Task :: Output, word for word, each line from the one with "Сервер WebDAV с" through the end of the listing below, excluding every picture.

Supplied data ::
>>>

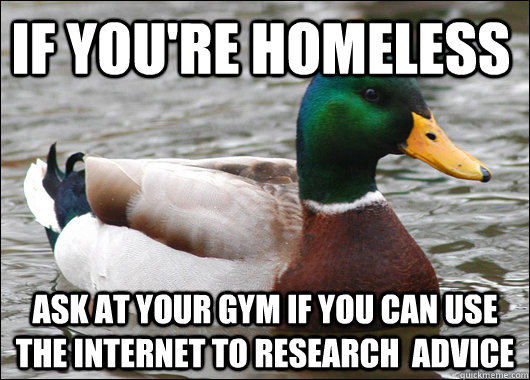 If you're homeless Ask at your gym if you can use the internet to research  advice  Actual Advice Mallard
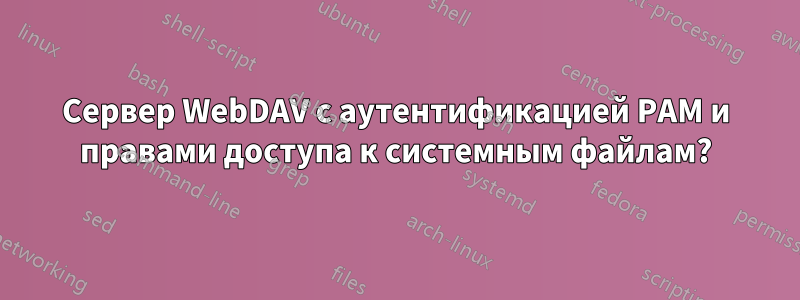 Сервер WebDAV с аутентификацией PAM и правами доступа к системным файлам?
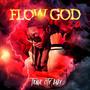 Flow God 2.0 (Explicit)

<<<

Result ::
 Сервер WebDAV с аутентификацией PAM и правами доступа к системным файлам?
 Flow God 2.0 (Explicit)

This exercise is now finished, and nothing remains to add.